> [Data excerpt]:
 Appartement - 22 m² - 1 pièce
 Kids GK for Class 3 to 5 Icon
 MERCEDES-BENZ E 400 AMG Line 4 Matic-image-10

> [To do]: Your job is to set down the whole listing a second time, exactly.

> [Solution for this task]:
 Appartement - 22 m² - 1 pièce
 Kids GK for Class 3 to 5 Icon
 MERCEDES-BENZ E 400 AMG Line 4 Matic-image-10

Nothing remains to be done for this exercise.